> _EXERCISE DETAILS_
Would you please repeat exactly the entries below, starting at the line with "Here we can" and ending at the line with "Method 3: Comparing", and nothing outside that range? Leave out the pictures.

> _INFORMATION_
=-=-=-=-=

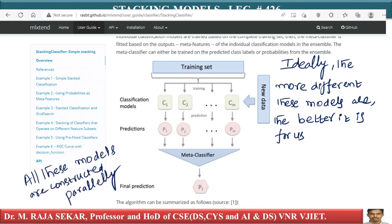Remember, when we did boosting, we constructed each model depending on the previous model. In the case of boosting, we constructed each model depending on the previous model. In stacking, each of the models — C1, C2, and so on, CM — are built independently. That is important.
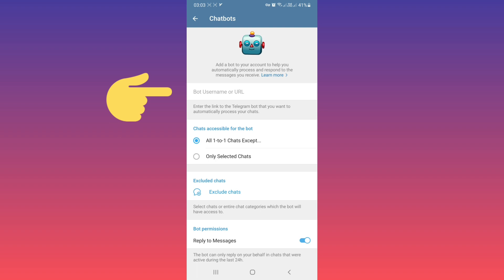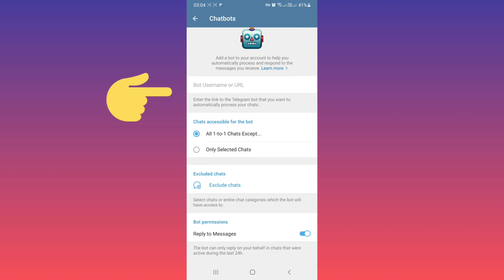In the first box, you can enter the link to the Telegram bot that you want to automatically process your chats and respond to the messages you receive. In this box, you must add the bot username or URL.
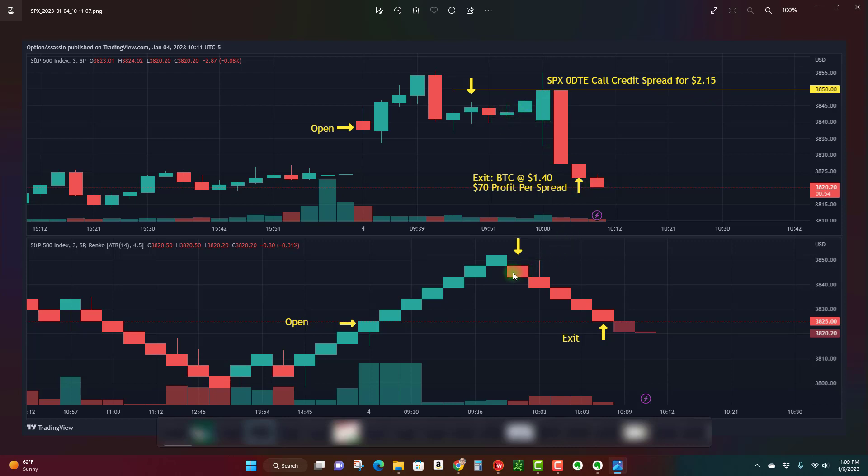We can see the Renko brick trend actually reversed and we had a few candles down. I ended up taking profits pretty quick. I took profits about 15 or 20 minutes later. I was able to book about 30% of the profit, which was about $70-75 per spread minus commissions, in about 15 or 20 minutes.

=-=-=-=-=

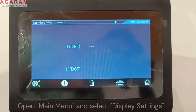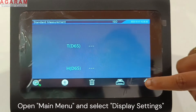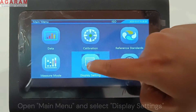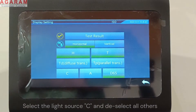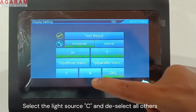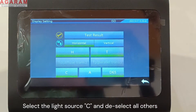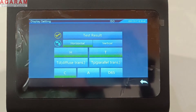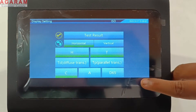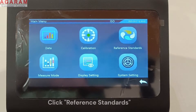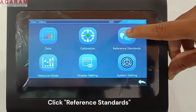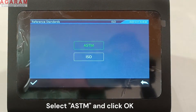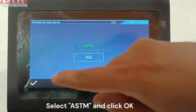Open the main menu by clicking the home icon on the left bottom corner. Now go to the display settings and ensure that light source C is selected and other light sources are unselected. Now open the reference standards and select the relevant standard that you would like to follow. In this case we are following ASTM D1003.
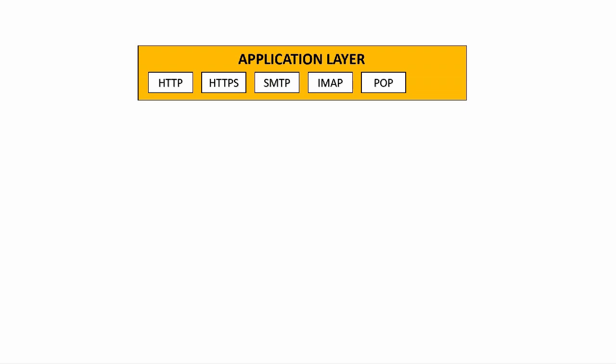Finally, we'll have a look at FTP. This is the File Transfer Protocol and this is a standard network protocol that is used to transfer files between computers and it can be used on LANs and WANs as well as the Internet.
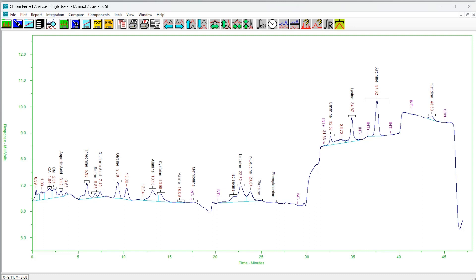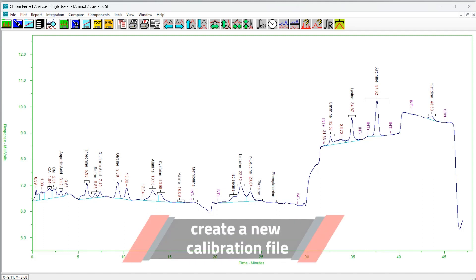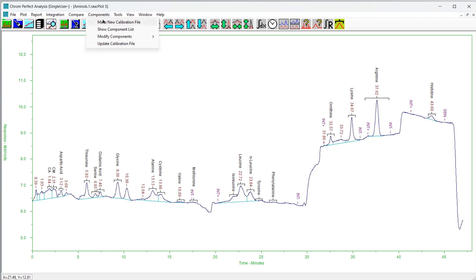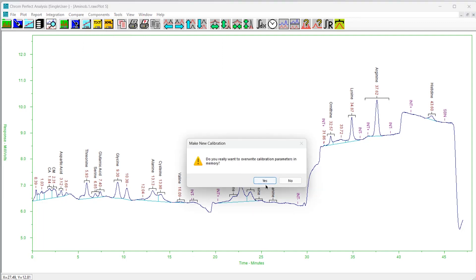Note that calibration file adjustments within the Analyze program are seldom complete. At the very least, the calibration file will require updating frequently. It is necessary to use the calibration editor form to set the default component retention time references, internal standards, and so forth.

=-=-=-=-=

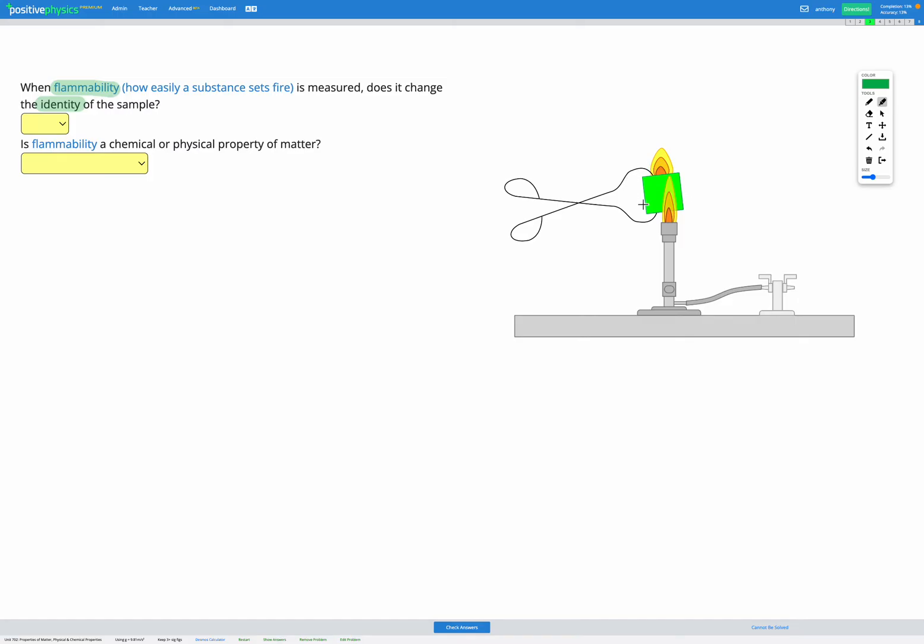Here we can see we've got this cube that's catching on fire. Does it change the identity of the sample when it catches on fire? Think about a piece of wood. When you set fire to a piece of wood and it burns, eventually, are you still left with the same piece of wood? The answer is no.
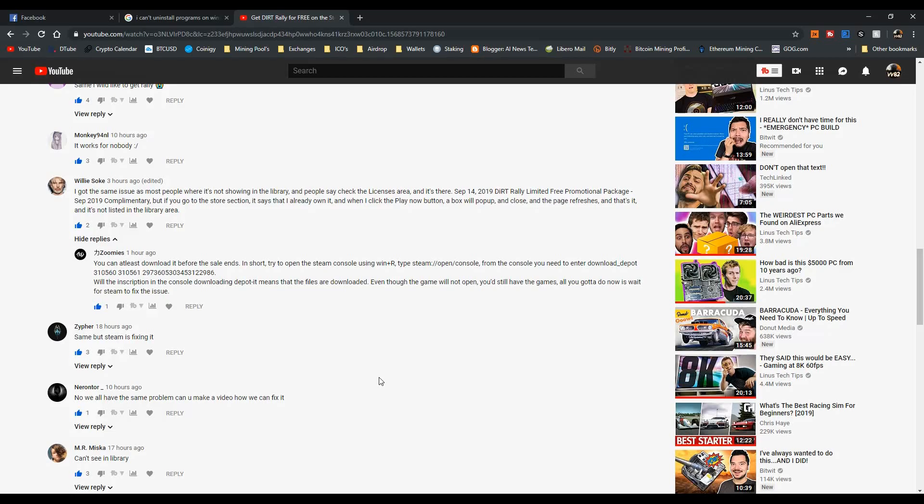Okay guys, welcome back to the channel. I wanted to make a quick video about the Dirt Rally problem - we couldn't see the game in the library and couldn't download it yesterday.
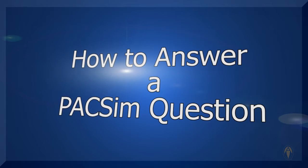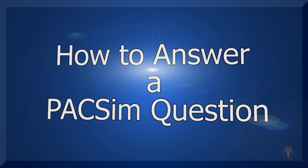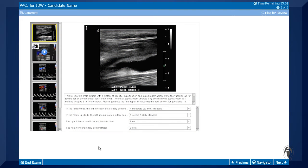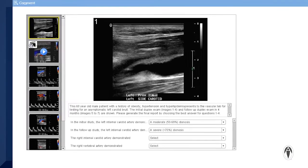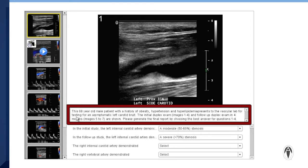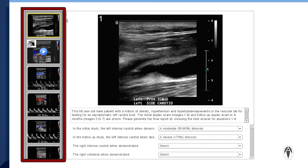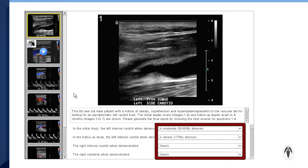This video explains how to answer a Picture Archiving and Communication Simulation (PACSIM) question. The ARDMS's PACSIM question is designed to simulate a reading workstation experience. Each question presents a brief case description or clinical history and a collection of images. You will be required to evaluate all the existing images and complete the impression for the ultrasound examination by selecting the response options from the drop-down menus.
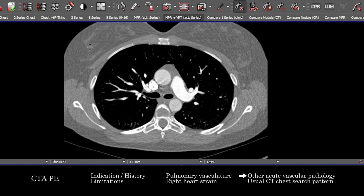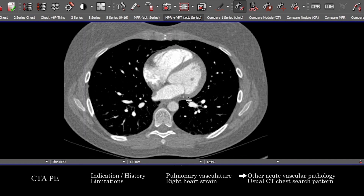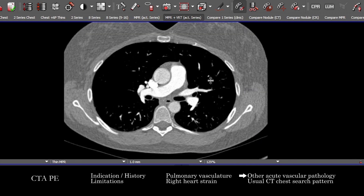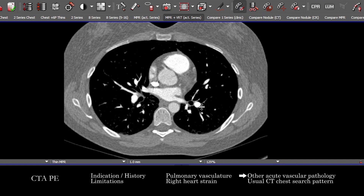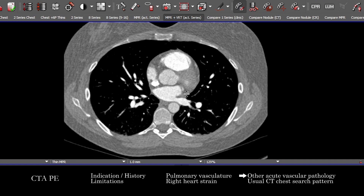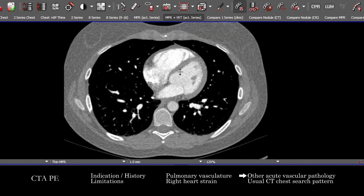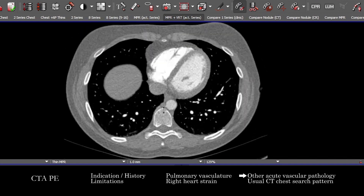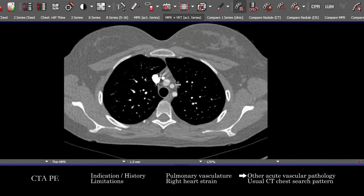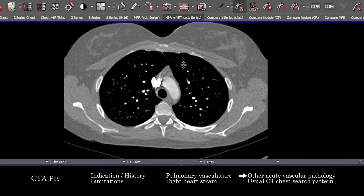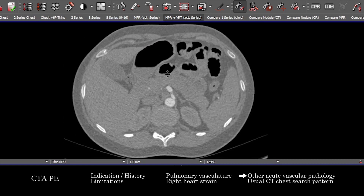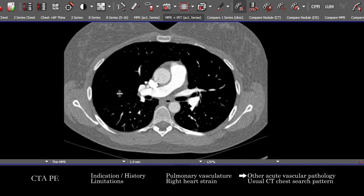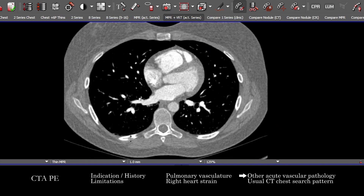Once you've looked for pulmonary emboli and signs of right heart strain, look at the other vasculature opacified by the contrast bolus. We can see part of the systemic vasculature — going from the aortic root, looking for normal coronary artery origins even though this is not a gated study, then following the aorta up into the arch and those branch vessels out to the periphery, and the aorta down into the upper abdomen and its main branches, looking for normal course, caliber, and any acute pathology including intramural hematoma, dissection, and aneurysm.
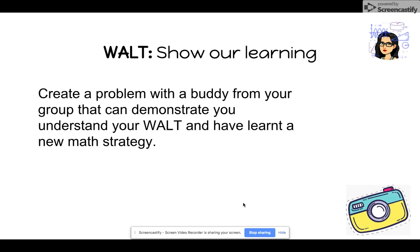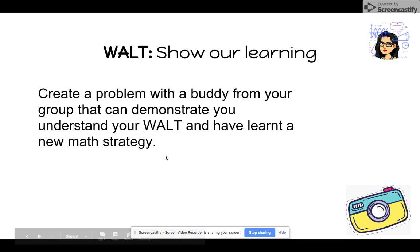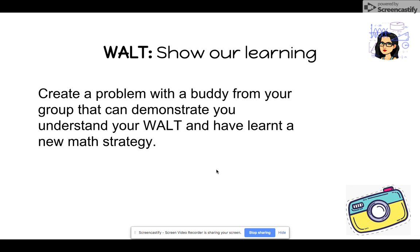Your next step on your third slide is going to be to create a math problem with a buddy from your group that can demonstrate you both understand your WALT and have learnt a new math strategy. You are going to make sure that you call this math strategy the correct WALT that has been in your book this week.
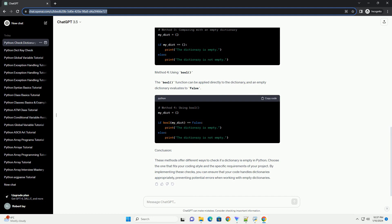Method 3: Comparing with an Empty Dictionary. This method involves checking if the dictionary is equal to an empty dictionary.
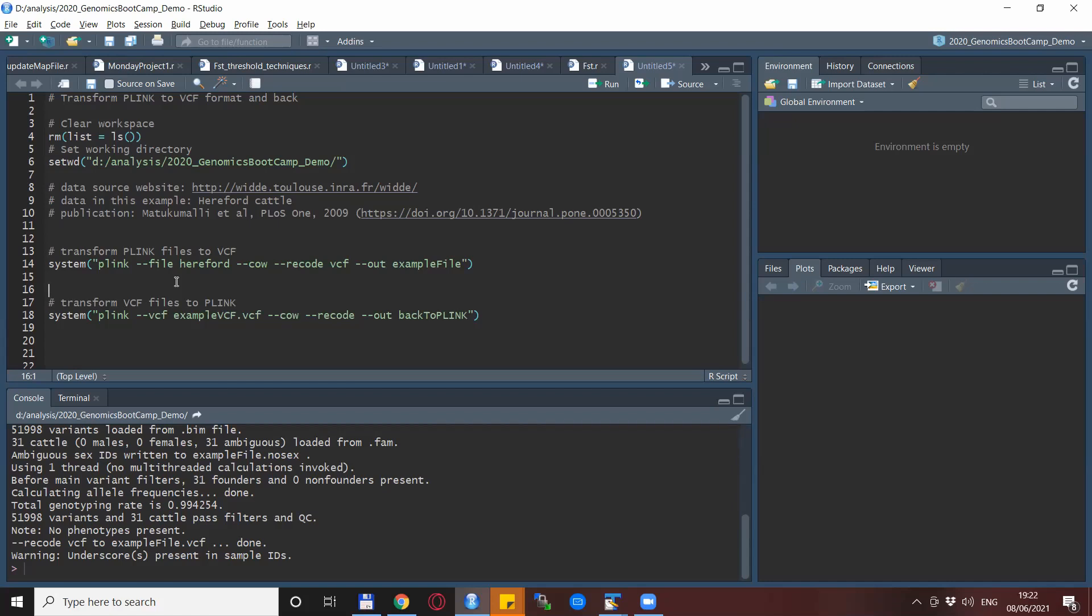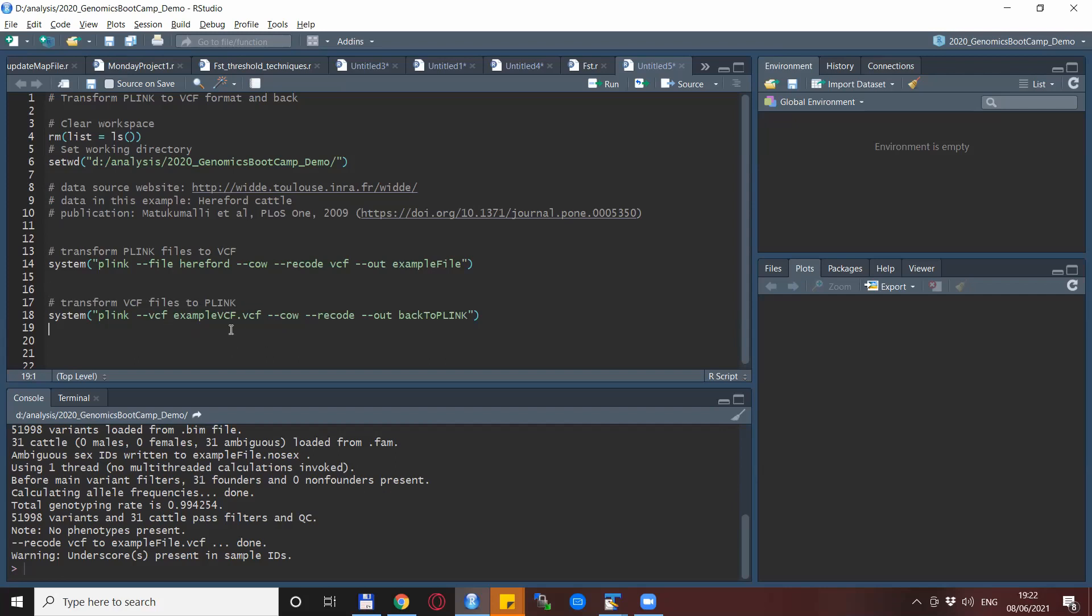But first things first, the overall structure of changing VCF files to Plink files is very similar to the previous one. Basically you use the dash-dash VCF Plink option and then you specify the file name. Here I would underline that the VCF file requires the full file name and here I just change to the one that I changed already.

=-=-=-=-=

> _SOLUTION_
Here we can see we've got this cube that's catching on fire. Does it change the identity of the sample when it catches on fire? Think about a piece of wood. When you set fire to a piece of wood and it burns, eventually, are you still left with the same piece of wood? The answer is no.
Okay guys, welcome back to the channel. I wanted to make a quick video about the Dirt Rally problem - we couldn't see the game in the library and couldn't download it yesterday.
This video explains how to answer a Picture Archiving and Communication Simulation (PACSIM) question. The ARDMS's PACSIM question is designed to simulate a reading workstation experience. Each question presents a brief case description or clinical history and a collection of images. You will be required to evaluate all the existing images and complete the impression for the ultrasound examination by selecting the response options from the drop-down menus.
Once you've looked for pulmonary emboli and signs of right heart strain, look at the other vasculature opacified by the contrast bolus. We can see part of the systemic vasculature — going from the aortic root, looking for normal coronary artery origins even though this is not a gated study, then following the aorta up into the arch and those branch vessels out to the periphery, and the aorta down into the upper abdomen and its main branches, looking for normal course, caliber, and any acute pathology including intramural hematoma, dissection, and aneurysm.
Your next step on your third slide is going to be to create a math problem with a buddy from your group that can demonstrate you both understand your WALT and have learnt a new math strategy. You are going to make sure that you call this math strategy the correct WALT that has been in your book this week.
Method 3: Comparing with an Empty Dictionary. This method involves checking if the dictionary is equal to an empty dictionary.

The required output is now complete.